_Task requirements_. Exactly as written, copy every line from the one containing "手绘花卉印花华亿平台图片" through the end of the records, with the pictures left out.

_Dataset records_.
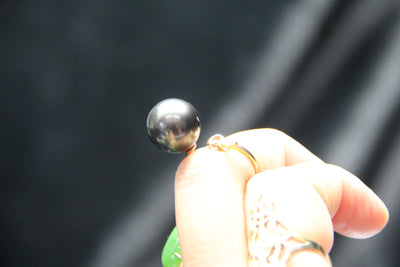 14.5mm Tahitian Salt Sea Pearl Ring #2273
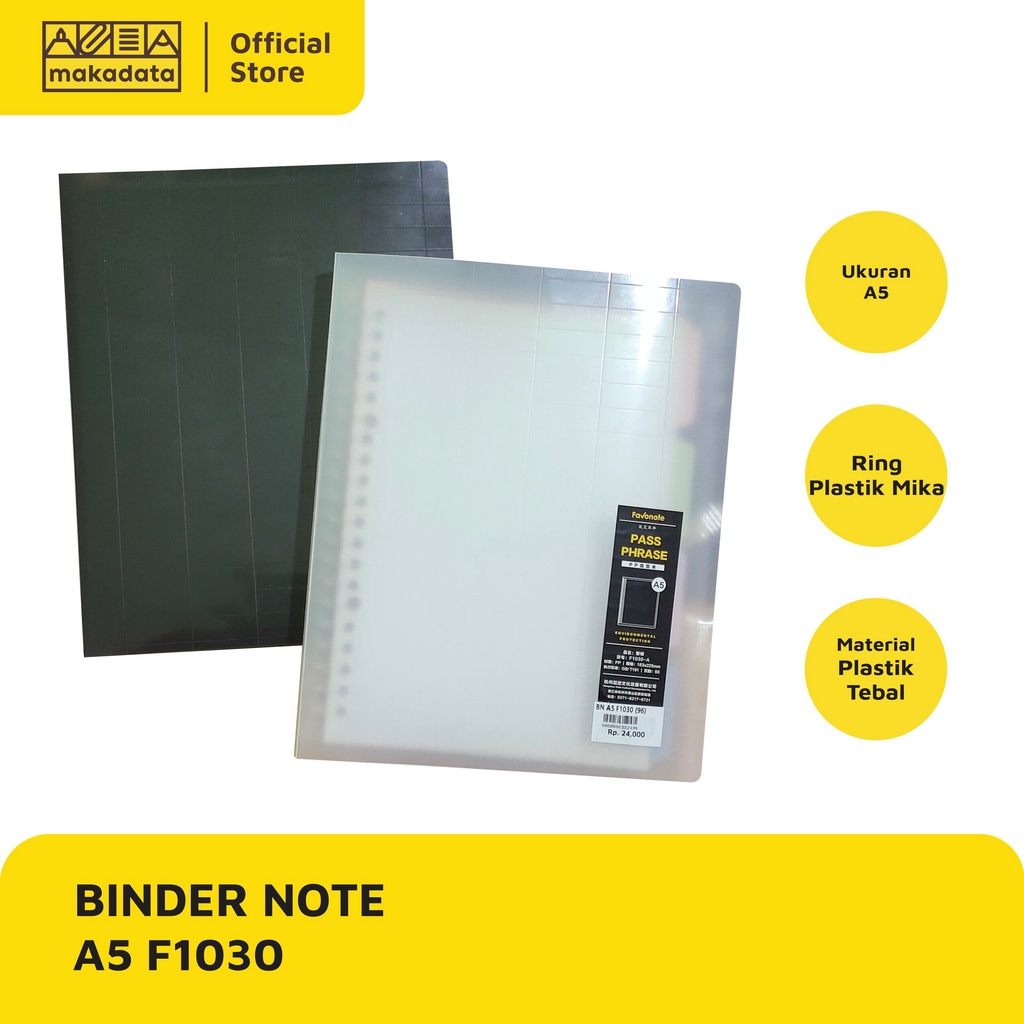 Jual BUKU BINDER NOTE A5 F1030 TRANSPARANT MOTIF (1 PCS) MURAH Shopee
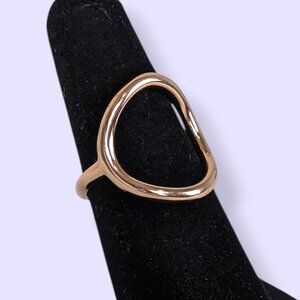 (2/$20) Rose Gold Tone Circle Cut Out Ring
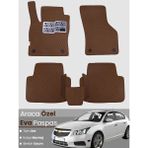 Guerrino Chevrolet Cruze Hatchback (2008-2014) Uyumlu Eva Paspas Tam Set–araca Özel,su Geçirmez - Koyu Kahverengi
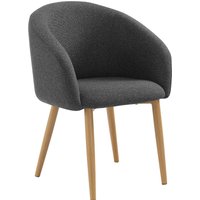 SalesFever Armlehnstuhl "Komfortabler Esszimmerstuhl mit Stil" (Set) 2 Stk.Oeko-Tex zertifiziert und PFC-frei von Salesfever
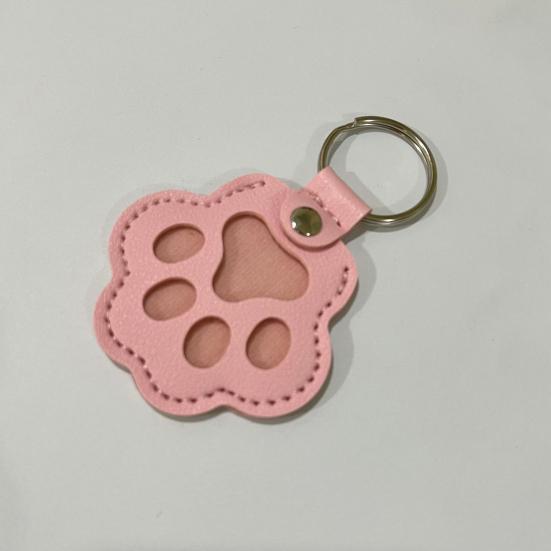 Брелок из искусственной кожи для шерсти питомца, сувенирный брелок в форме кошачьей лапы, простой в использовании, памятный брелок в память о питомце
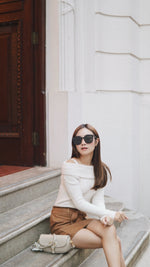 Girls Shine Off Shoulder Sweater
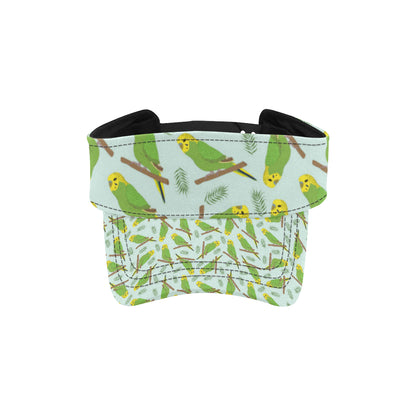 Budgerigar Pattern Print Design 04 Unisex Sun Visor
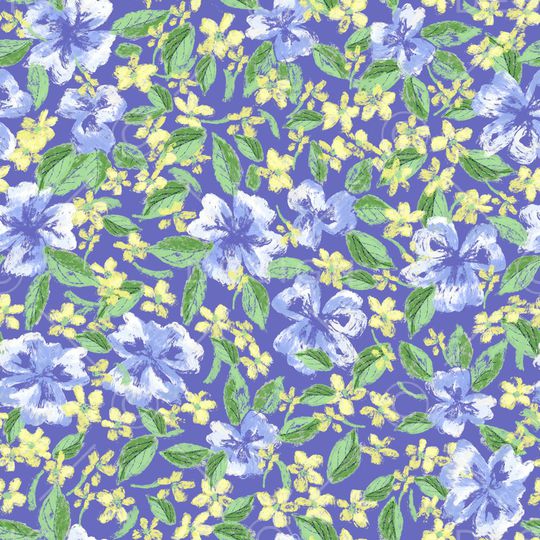 手绘花卉印花华亿平台图片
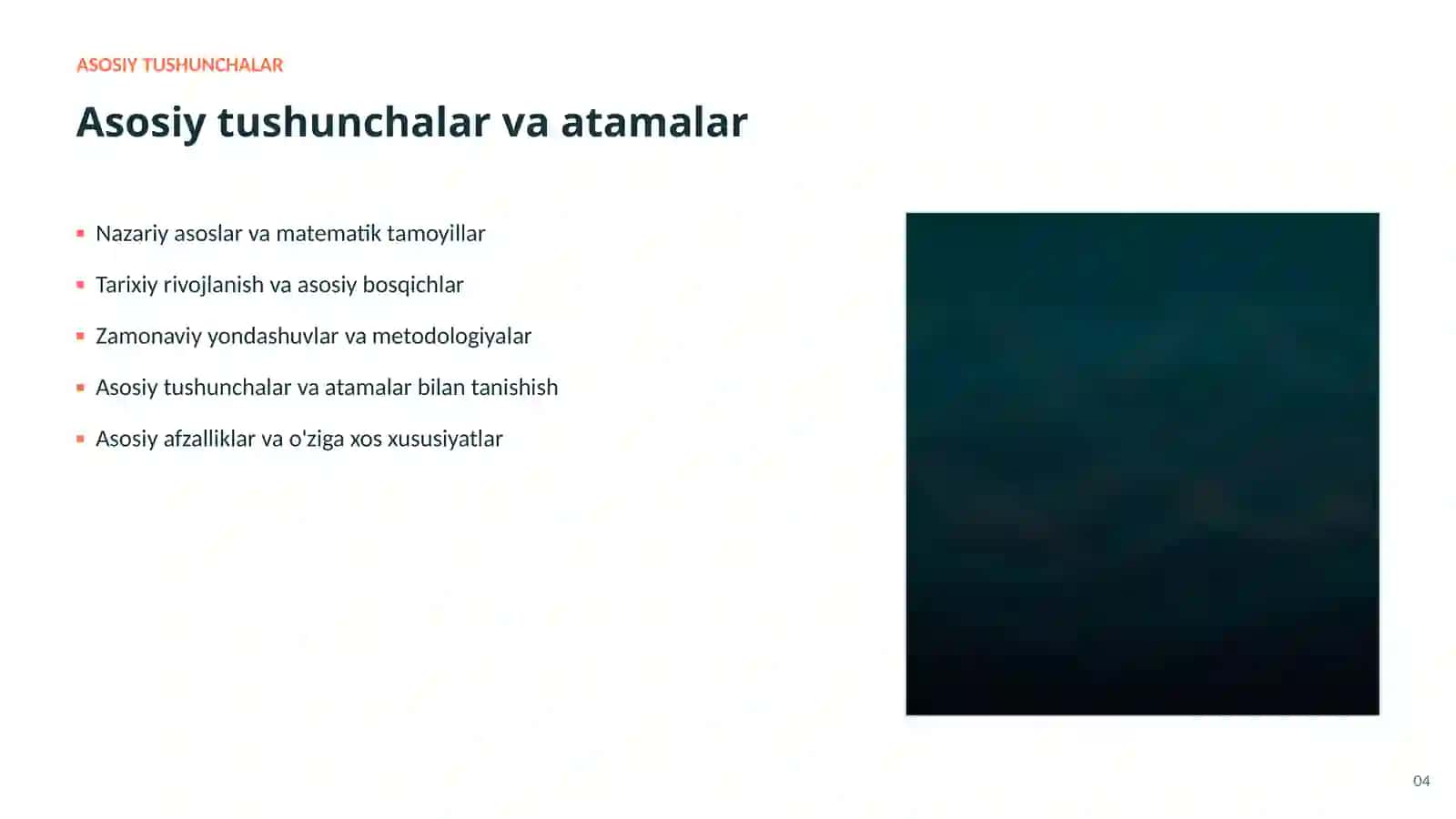 SUN'IY INTELLEKT • AI VA KATTA MA'LUMOTLAR 4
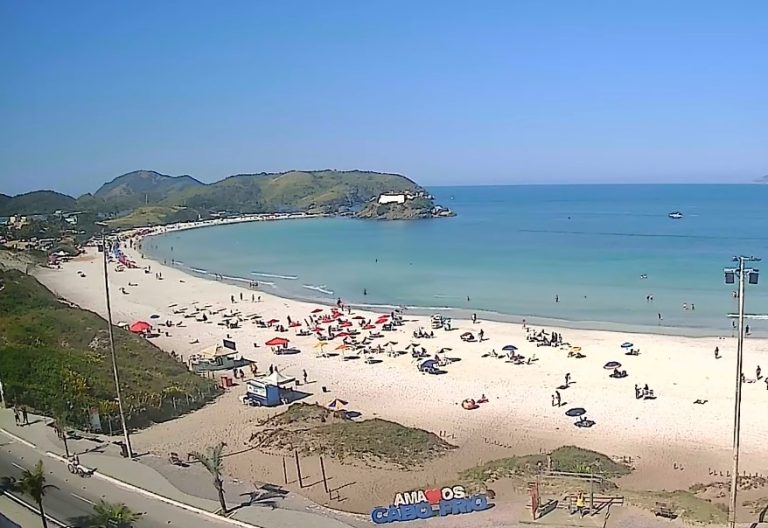 Sol e calor marcam o fim de semana em Cabo Frio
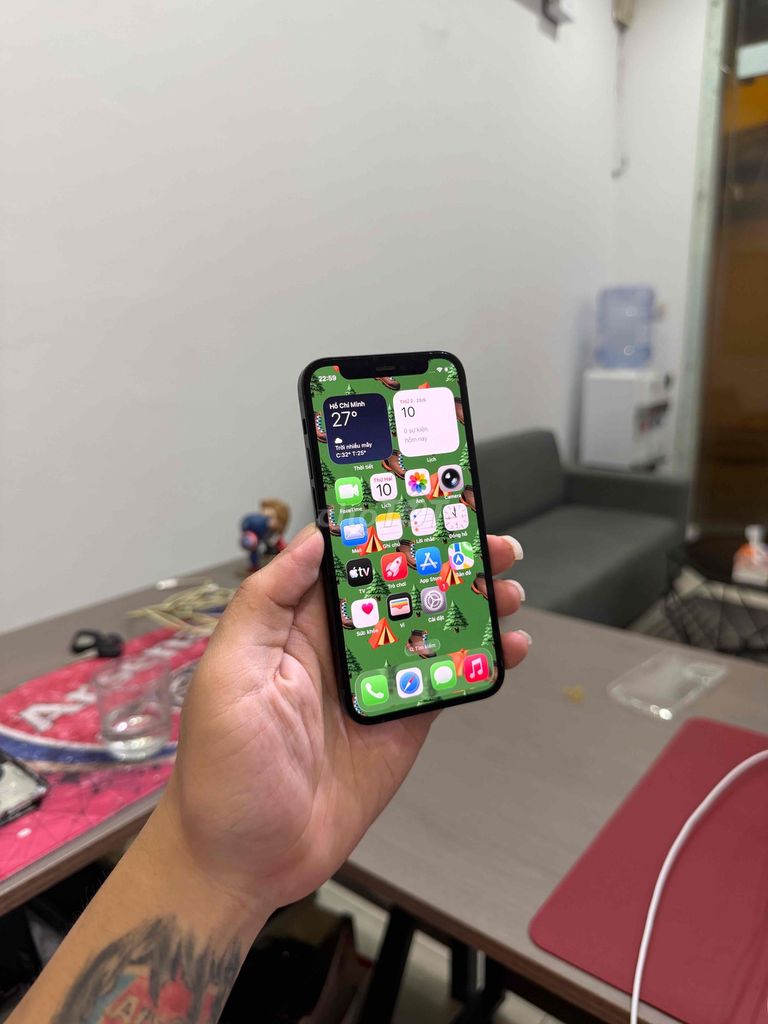 Apple iPhone 12 Mini QTE 256GB Đen Like New 99%. Mua bán Điện thoại tại Quận Cầu Giấy Hà Nội được đăng bởi Trung Kiên Trả Góp Bao Nợ Xấu hình 1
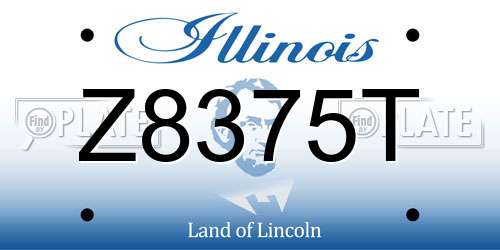 Z8375T Illinois License Plate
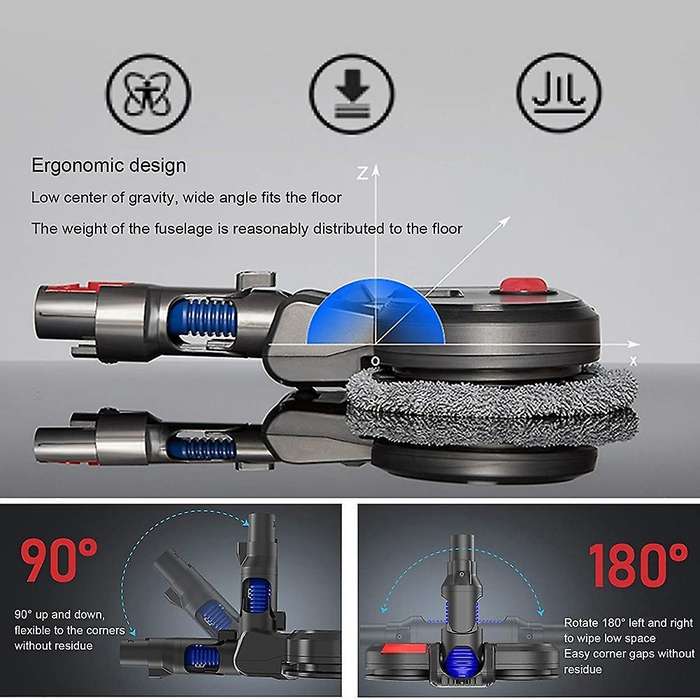 Electric Mopping Head with Led Lights for Dyson V7 V8 V10 V11 V15
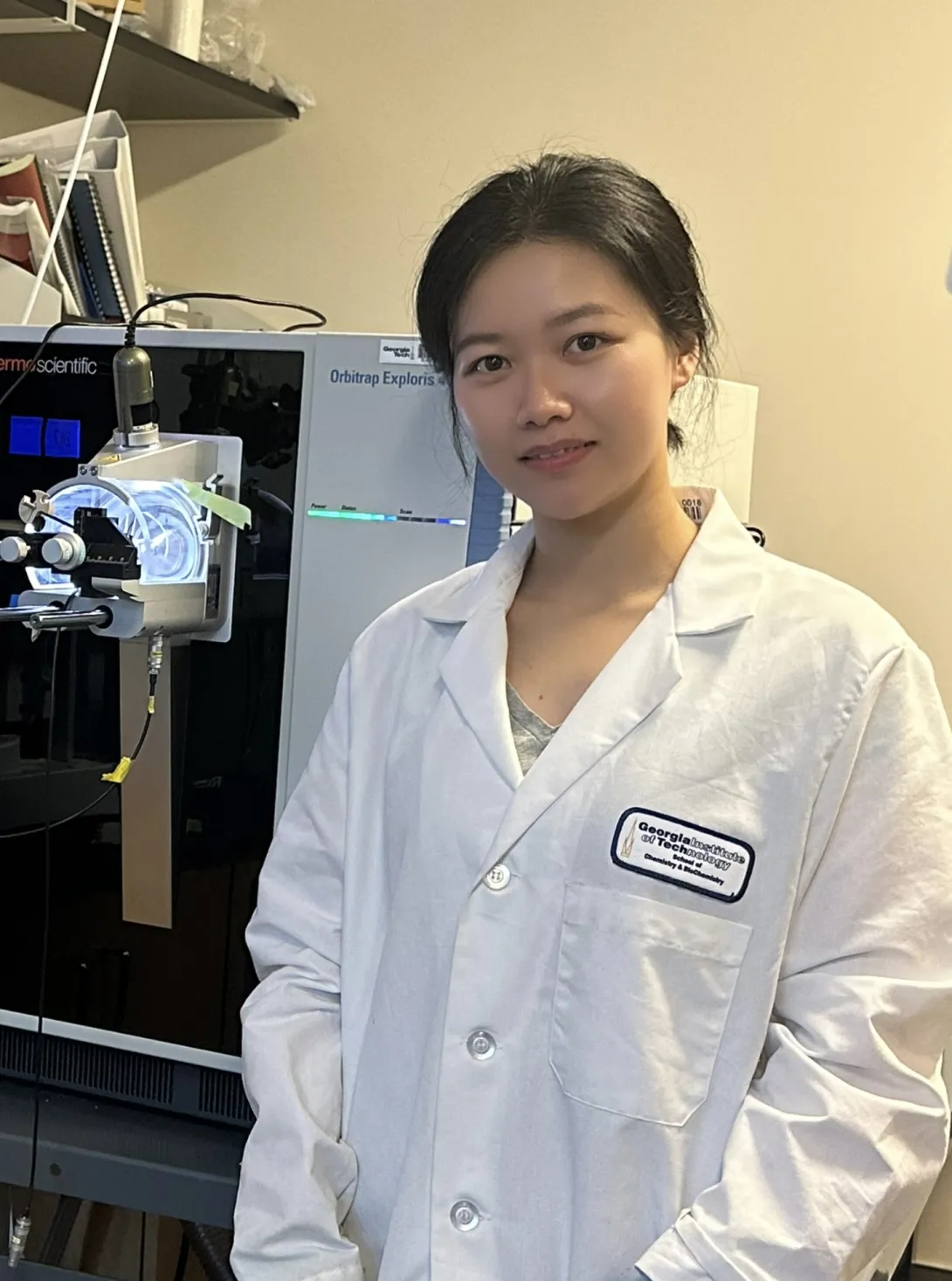 woman in lab coat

_Result of this exercise_.
 手绘花卉印花华亿平台图片
 SUN'IY INTELLEKT • AI VA KATTA MA'LUMOTLAR 4
 Sol e calor marcam o fim de semana em Cabo Frio
 Apple iPhone 12 Mini QTE 256GB Đen Like New 99%. Mua bán Điện thoại tại Quận Cầu Giấy Hà Nội được đăng bởi Trung Kiên Trả Góp Bao Nợ Xấu hình 1
 Z8375T Illinois License Plate
 Electric Mopping Head with Led Lights for Dyson V7 V8 V10 V11 V15
 woman in lab coat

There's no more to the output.